I would never have moved it all manually in a timely manner, so the gent doing the groundworks offered to use his digger and dumper to bring it round to our house. Now it all needs to moved away from the dwarf wall so that the wall can be built up higher and then finally levelled off.
I have managed to do bits in between and I have got the plunger pickups ready for installation and also prepared all the brake parts ready for fitting.

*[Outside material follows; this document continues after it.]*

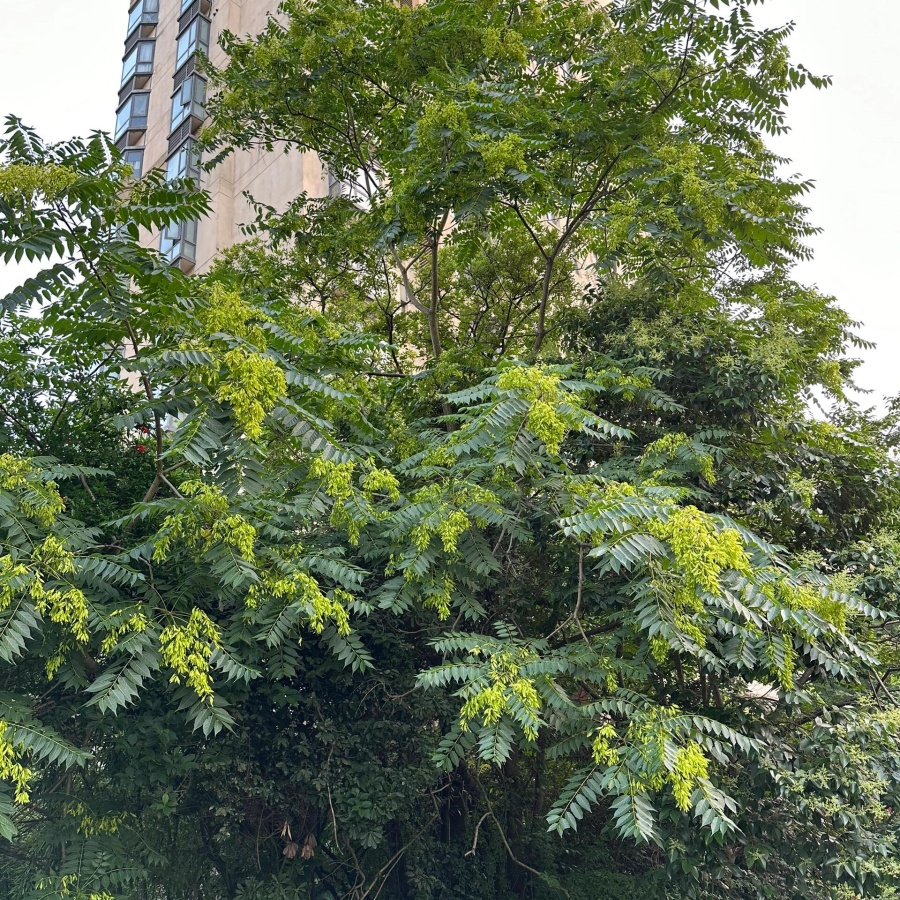 臭椿8.jpg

I felt that the brake spreaders were a bit on the flimsy side so I used some of the scrap etch to double the thickness before fitting the clevis’s.

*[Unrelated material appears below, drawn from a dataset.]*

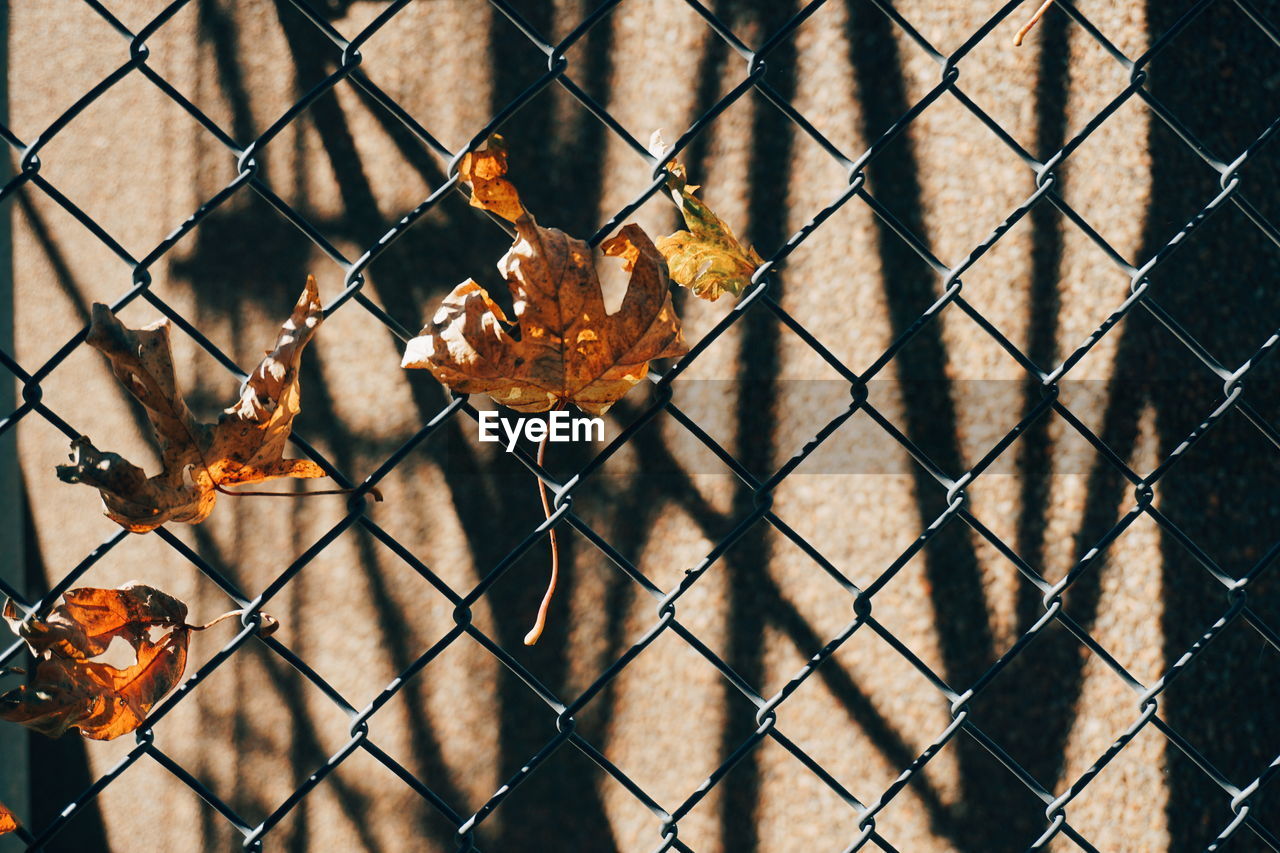 Full frame shot of chainlink fence during autumn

Although I never thought to take a photo of them, the layers that make up the brake shoes and hangers come tagged together in small outer frames which can be placed over each other and gripped as one, to allow the parts to be soldered together before cutting out the individual brake hangers complete with shoe as in the photo above.

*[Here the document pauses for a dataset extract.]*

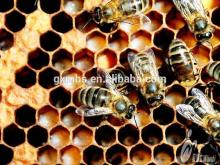Hot sale manuka honey  bulk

I am not sure where last weekend went as I had hoped to achieve a bit more on this build but sometimes that’s the way it goes.
First off I cut out the Diane Carney number plates with a no 6 blade in my piercing saw and filed them to final size. Not knowing for certain whether the actual plates had a rim around the beading or whether the beading was in fact the edge of the plate I left two of them with a rim and asked Brian which he preferred.
Then I soldered the boiler to the formers and fitted it to the body. The bottom edge of the boiler section that fits between the tanks has three tabs either side which fit into corresponding slots on a fold out on the inner tank sides. What a fiddle it was to get all six in the slots together. I hadn’t slept well on Saturday night and in the end, I had a snooze before my brain was clear enough to get them all in place.
This morning I added the semicircle of spare etch attached with a couple of small bridging pieces made from scrap etch.
I had already rolled the boiler but hadn’t soldered the seam so that was done next and then I realised that the two slits which allow for the curve out of the smokebox base the fit the smokebox saddle hadn’t quite etched right through. A simple task to cut down it with the piercing saw once the seam was soldered. But equally had I noticed it before rolling the boiler I could have done it in the flat with a blade.
There are some tabs on the ends of the inner frame at the firebox end but I can’t see any corresponding slots in the cab front, so I think I will have to cut those off to get it to sit in place correctly. But that will be a task for next year when I resume.
Progress has been slow this weekend, but a mystery has been unravelled.
You may recall that when I started the footplate, I couldn’t find two out of four part 60’s? Well today I found them…
I started yesterday’s session by rolling the boiler and it mentions using part 52 to ensure that it’s round.
This is the drawing of part 52
I found it amongst the remaining bits of etch and tried it in the boiler all was well.
Then I started to assemble the inner support frame for the boiler using the diagram below and photos of my previous build.
In my previous build I hadn’t used part 52… so I started questioning why not.
Although I obviously hadn’t worked it out before due to lack of experience it quickly became apparent that there was something wrong with part 52.
The photo above shows both sides of part 52 as etched. Although it’s one piece when you check against the drawing snip above it should in fact be three parts, 52 and 2 x part 60 (the missing parts). It looks like when he drew the artwork Garth Patrick got these bits on the wrong layers and the bit’s that should have been etched though have been half etched on one side and the outer ring which should have been full thickness has been half etched on the back making the part completely useless. I contemplated cutting the ring out with the piercing saw but I obviously managed without it on my build so could on this. As it happens in my spare etch box I found a semi circle the correct diameter which I will attach with a couple of bits of scrap to support the firebox end of the boiler tube.
Photos to follow once I have done it.